(Image-text web data)
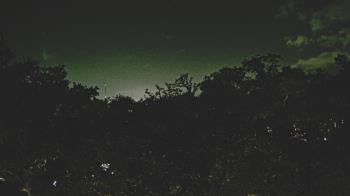 Weather camera view of Metairie Club Gardens.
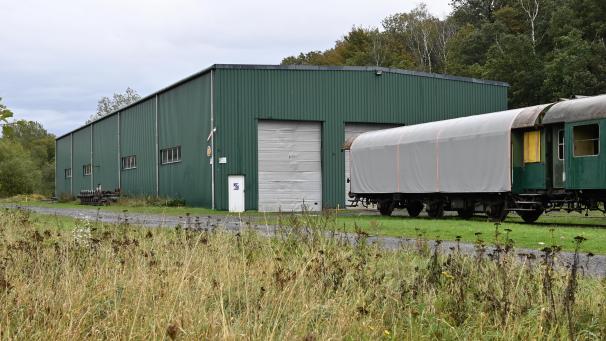 <p>Die Halle am Raerener Bahnhof und der dafür aufgesetzte Nutzungsvertrag war Auslöser einer hitzigen Diskussion im Raerener Gemeinderat. Foto: David Hagemann</p>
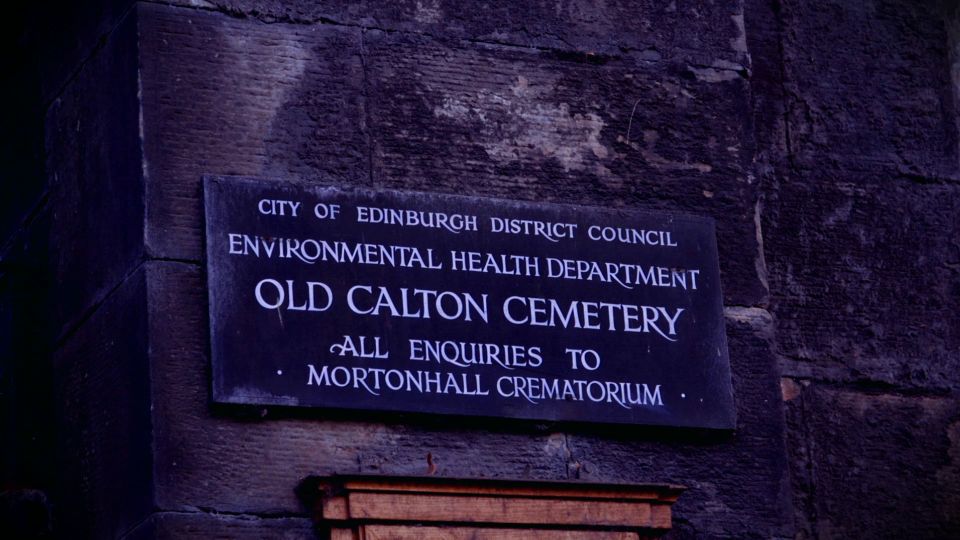 Edinburgh: 2-Hour Ghost Tour in Spanish - Should you book this $20 Spanish ghost tour?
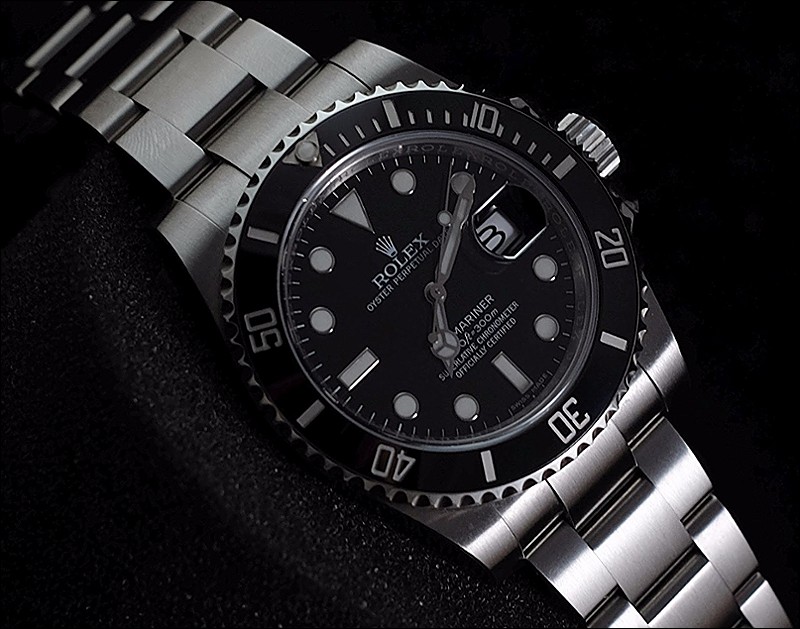 Rolex watch listing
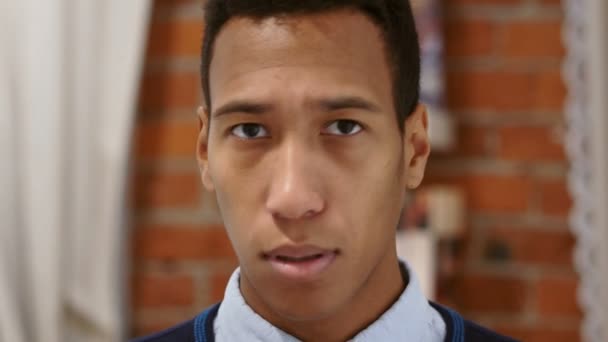침묵을 요구 하는 젊은 아프리카 남자에 입술, 손가락 — 비디오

■ Work order: Your copy should restate every record word for word and contain no pictures.

■ Output for this task:
 Weather camera view of Metairie Club Gardens.
 <p>Die Halle am Raerener Bahnhof und der dafür aufgesetzte Nutzungsvertrag war Auslöser einer hitzigen Diskussion im Raerener Gemeinderat. Foto: David Hagemann</p>
 Edinburgh: 2-Hour Ghost Tour in Spanish - Should you book this $20 Spanish ghost tour?
 Rolex watch listing
침묵을 요구 하는 젊은 아프리카 남자에 입술, 손가락 — 비디오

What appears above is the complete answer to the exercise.